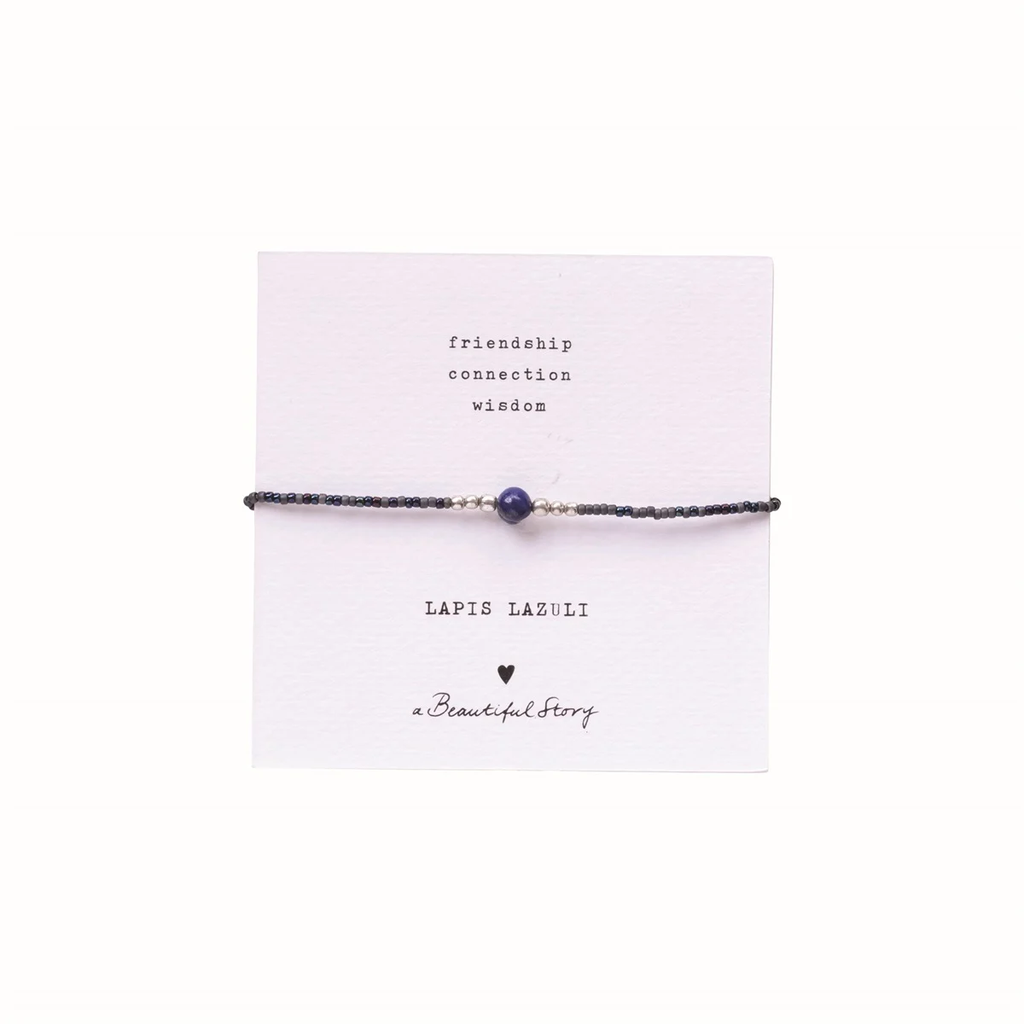A Beautiful Story || Bracelet Iris Card Lapis-Lazuli – Argenté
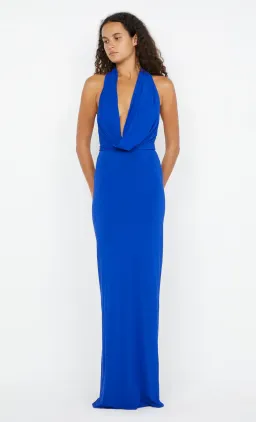 NESSIE COWL NECK MAXI DRESS - ULTRAMARINE BLUE - 10 for rent on The Volte - image 1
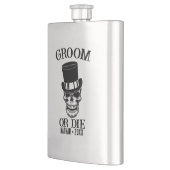 Gothic Wedding Bachelor Party Groom Custom Skull Flacon (Links)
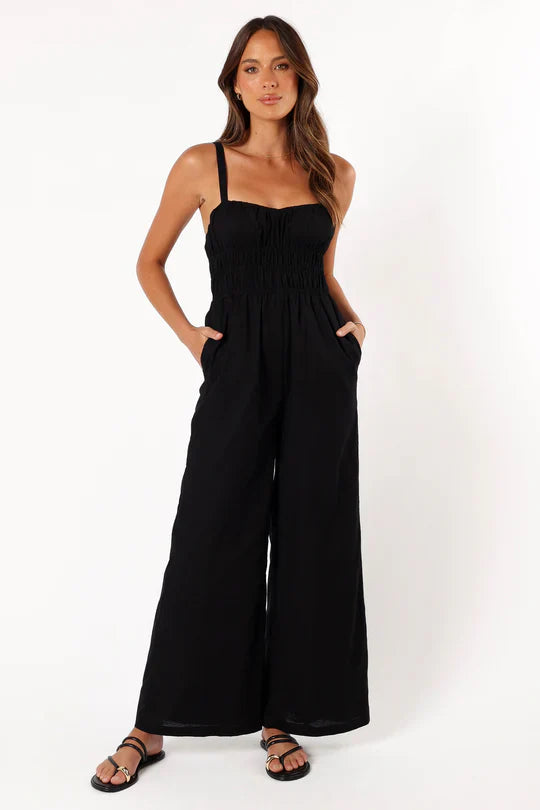 Damen Jumpsuit Ärmellos Weite Beine - Norvielle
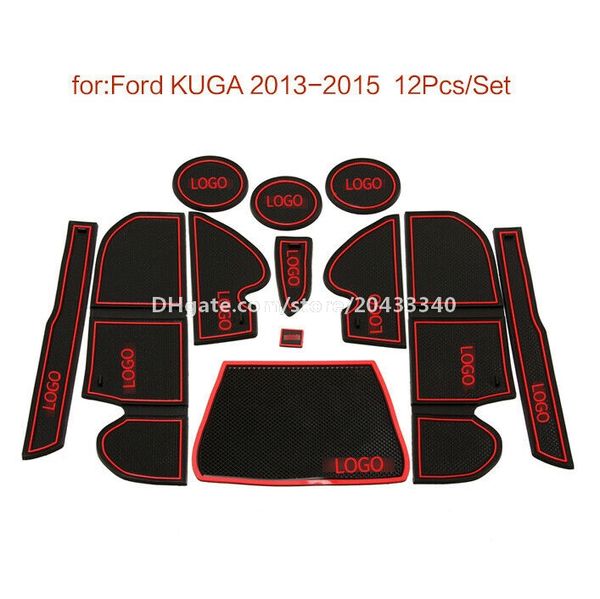 

car gate slot pad water coaster interior non-slip mats for ford kuga 2017 - 2019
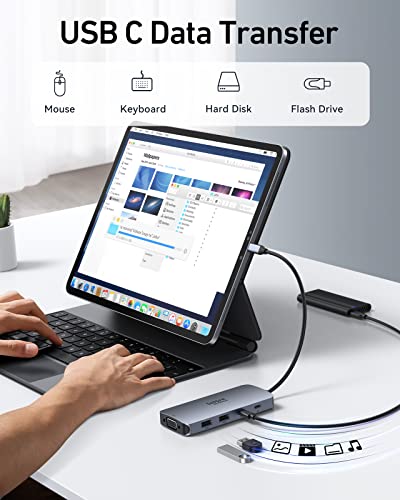 Selore&S-Global 4.5" x 2" x 0.62" SEUC0513 Multi-Display Adapter 4K@60Hz Thunderbolt 3/4 USB C Hub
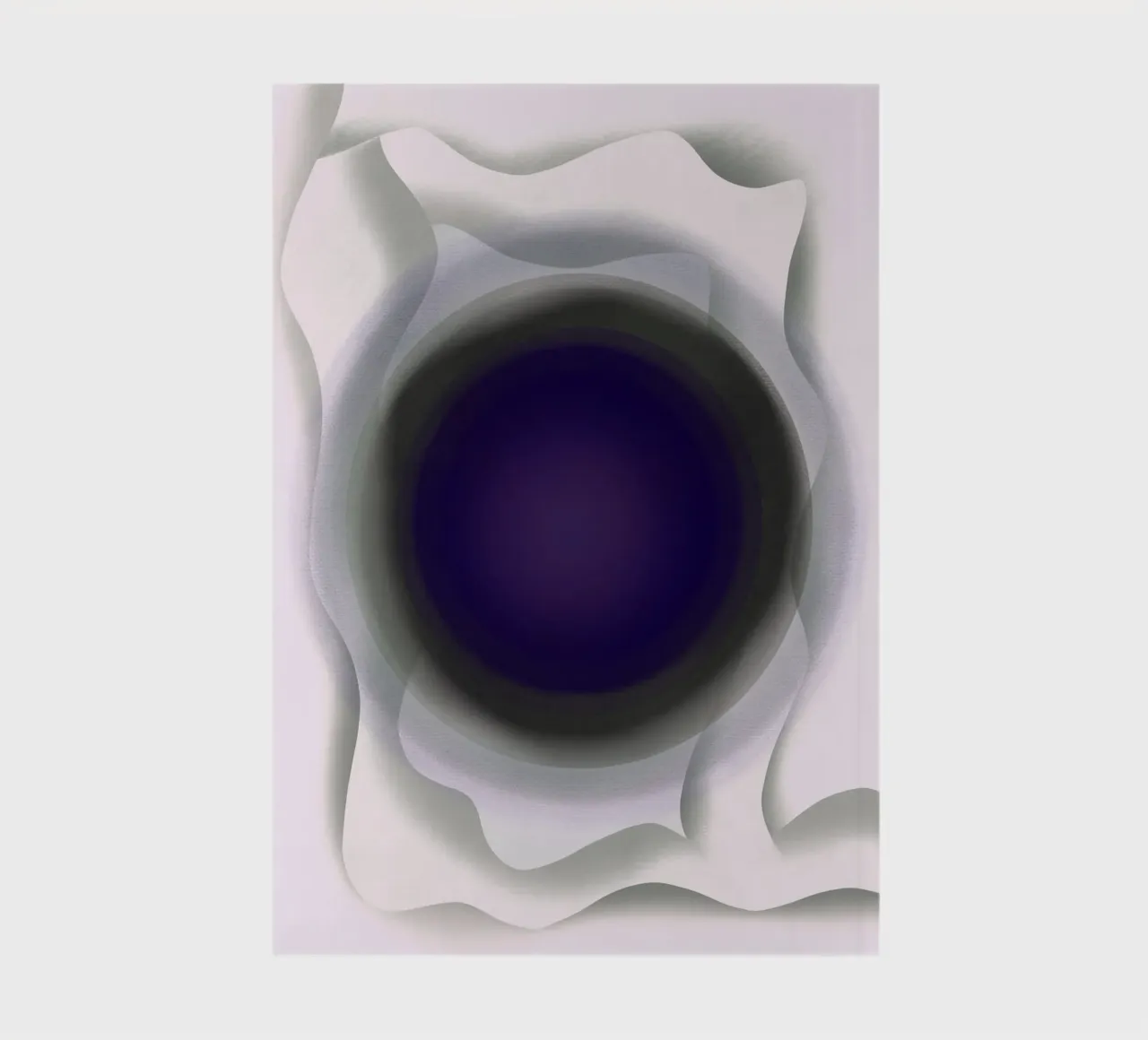 Purple void notebook by Little Dean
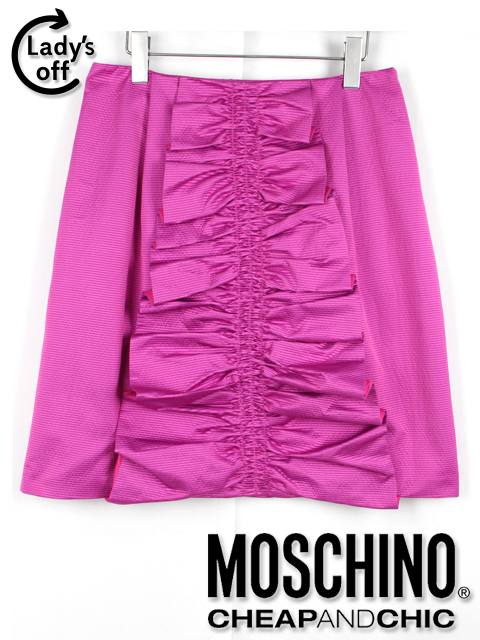 モスキーノ ［ MOSCHINO CHEAPANDCHIC ］ ビッグ フリル スカート ピンク レディース ボトムス タイツスカート ペンシルスカート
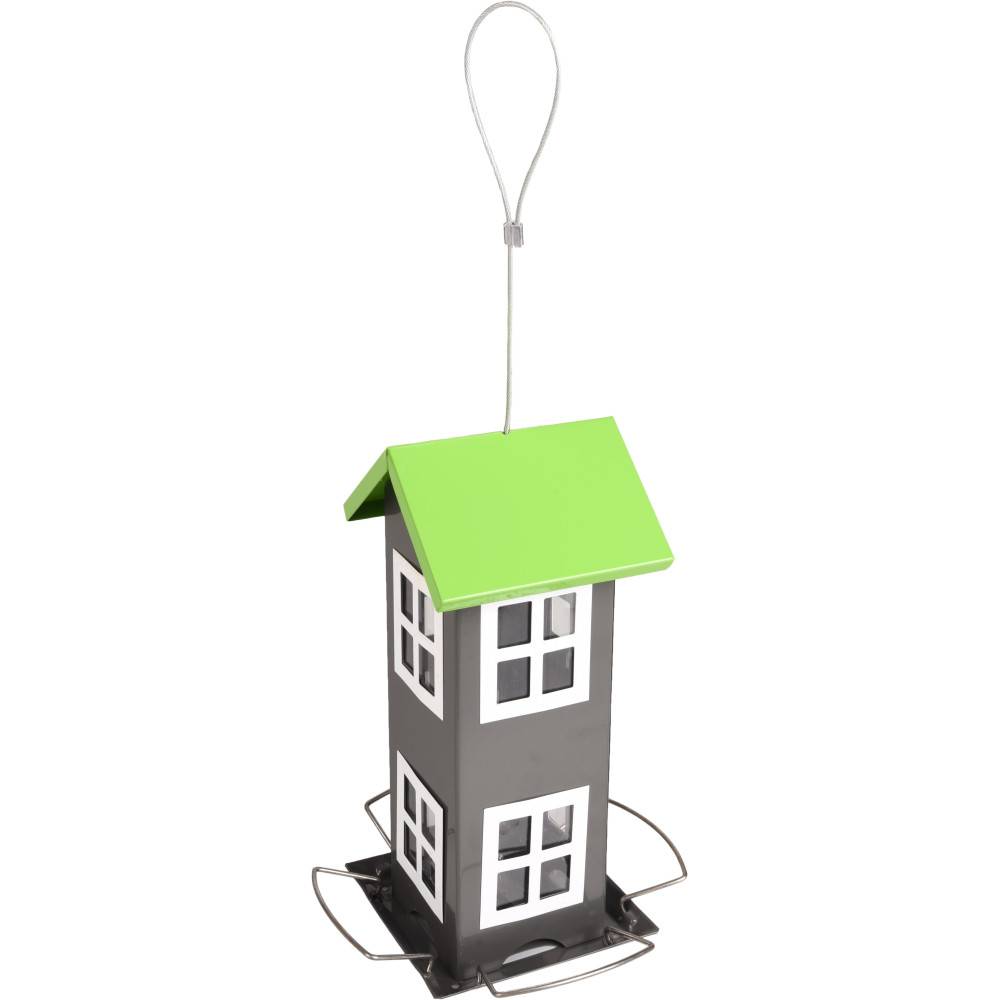 Mangeoire maisonnette 8 fenêtres, pour graines oiseaux. - Imagen 3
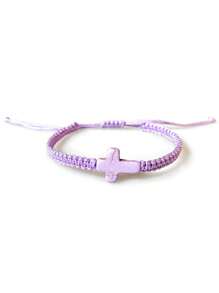 1 pieza Bestseller pulsera hecha a mano trenzada con cruz de turquesa ajustable para niños, tobillera unisex de playa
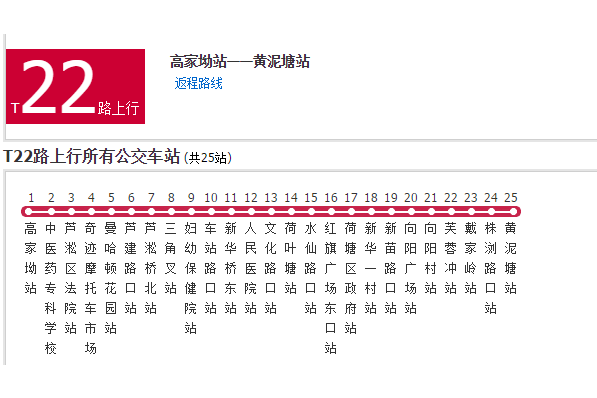 株洲公交T22路 株洲公交T22路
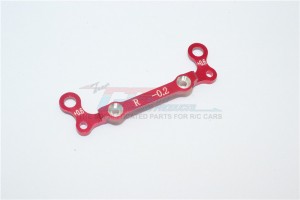 GPM RACING MZA031R-0206 ALLOY REAR KNUCKLE ARM HOLDER  (TOE OUT 0.2MM, THICK 0.6MM)  KYOSHO MINI Z AWD - MZA031R-0206-R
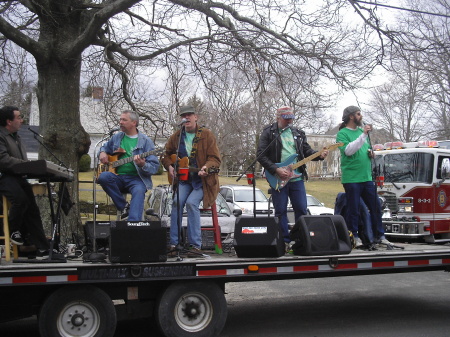 "Who Are Those Guys" at Cutchogue St Patty's Parade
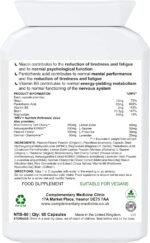 Calm Night Complex - Traditional Herbal Formula – Ashwagandha, Lemon Balm, Passion Flower, Lavender, Magnesium - Vegan - 60 Capsules - Image 3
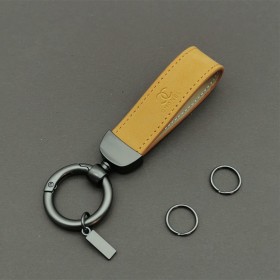 Leather Custom Keychain and Leather Personalized Keychain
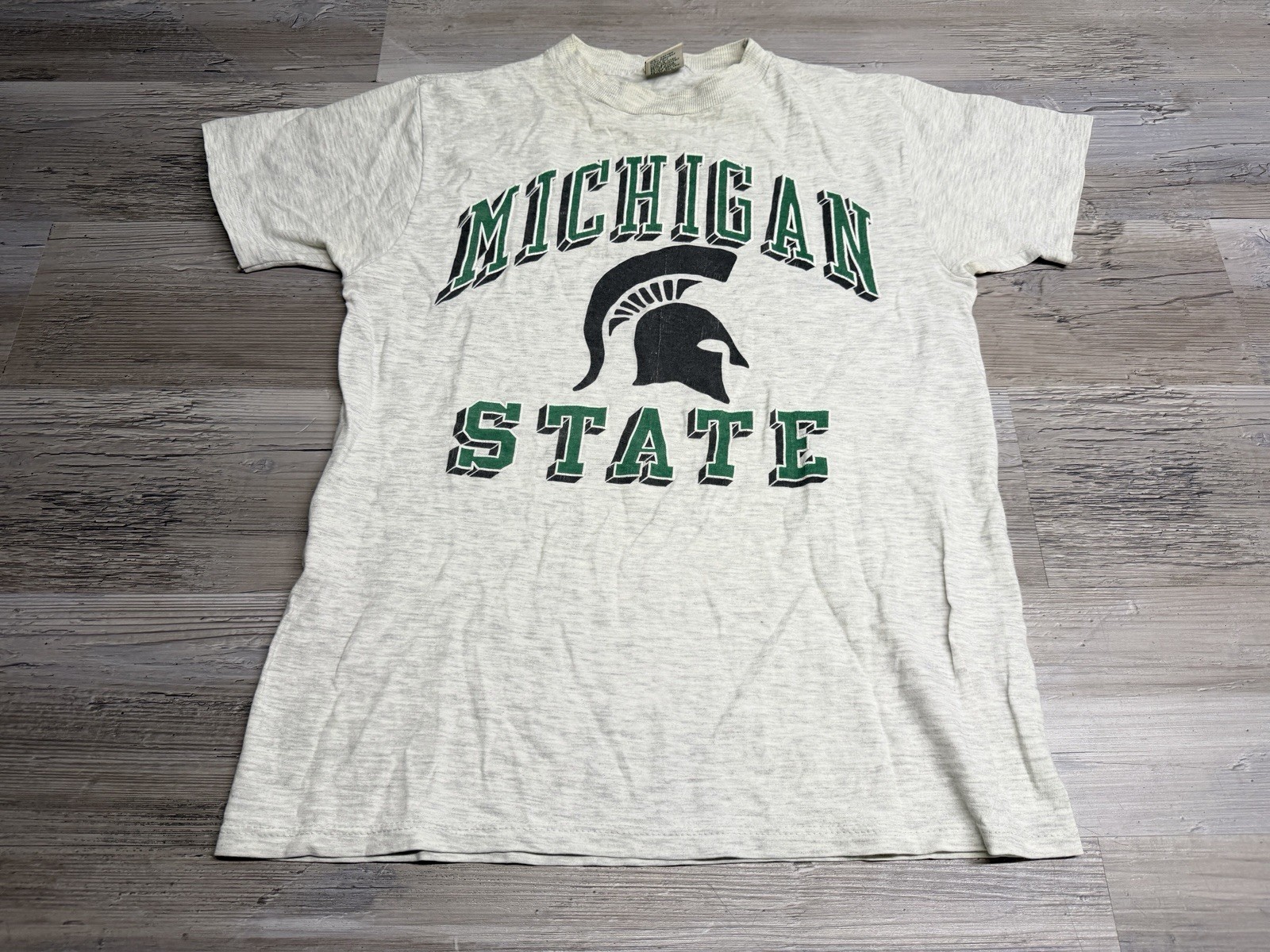 Vintage Michigan State Spartans T-Shirt Galt Sand Single Stitch USA Made 90s MSU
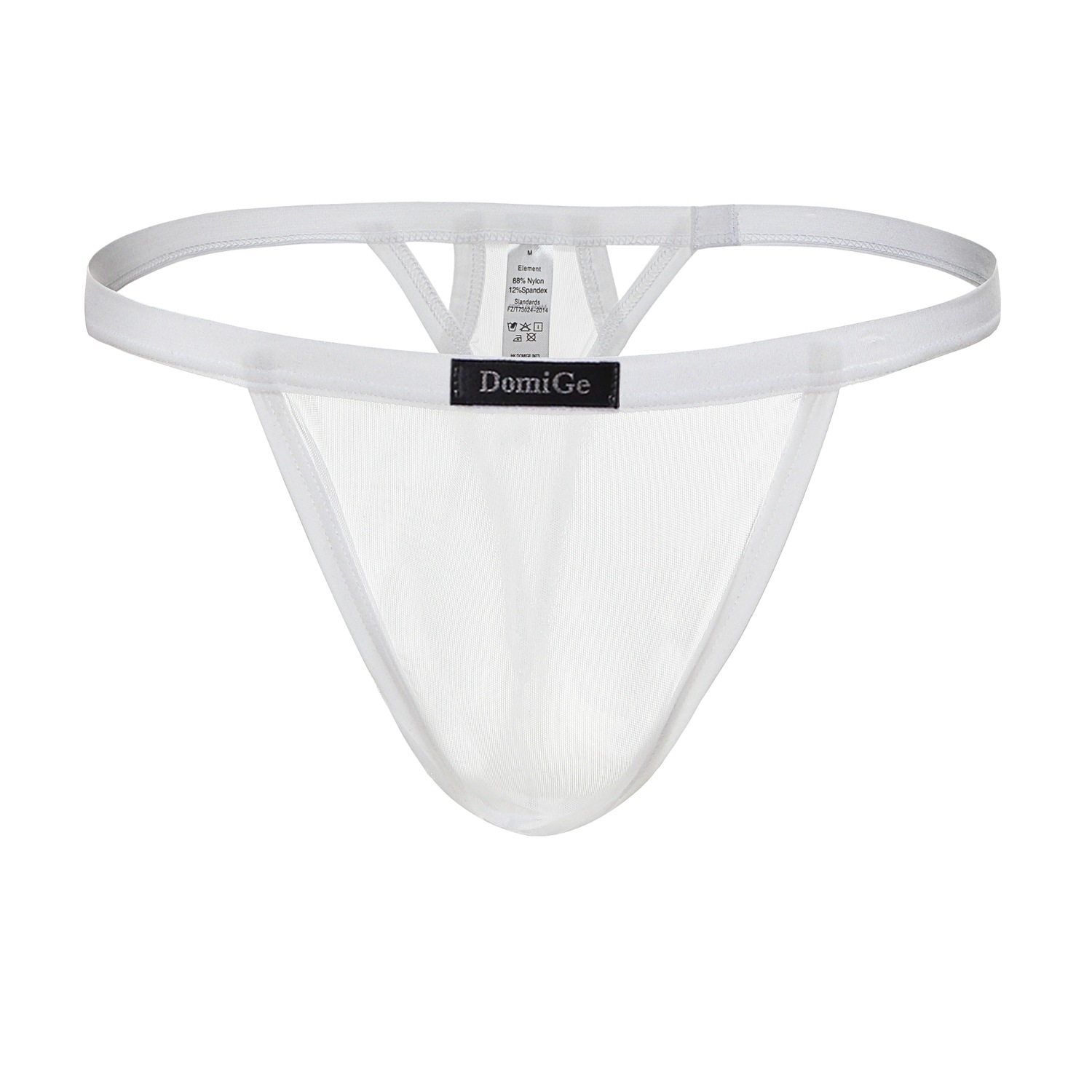 Men's Mesh Translucent Low Waist U Convex Pants Thongs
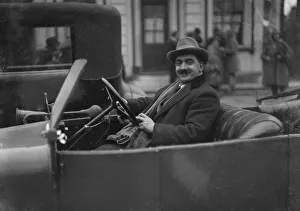 Drivers Seat Prints: Mr Cummings of Essex Motor Club. Artist: Bill Brunell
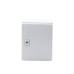 Gabinete de Acero / Nema 4 -IP 66 de 20 x 25 x 15 cm / Platina y certificado UL.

What you are asked to do:
From the first line of the records down through the line containing "モスキーノ ［ MOSCHINO", transcribe exactly those lines and no others, both ends kept, pictures dropped.

Result of this exercise:
A Beautiful Story || Bracelet Iris Card Lapis-Lazuli – Argenté
 NESSIE COWL NECK MAXI DRESS - ULTRAMARINE BLUE - 10 for rent on The Volte - image 1
 Gothic Wedding Bachelor Party Groom Custom Skull Flacon (Links)
 Damen Jumpsuit Ärmellos Weite Beine - Norvielle

car gate slot pad water coaster interior non-slip mats for ford kuga 2017 - 2019
 Selore&S-Global 4.5" x 2" x 0.62" SEUC0513 Multi-Display Adapter 4K@60Hz Thunderbolt 3/4 USB C Hub
 Purple void notebook by Little Dean
 モスキーノ ［ MOSCHINO CHEAPANDCHIC ］ ビッグ フリル スカート ピンク レディース ボトムス タイツスカート ペンシルスカート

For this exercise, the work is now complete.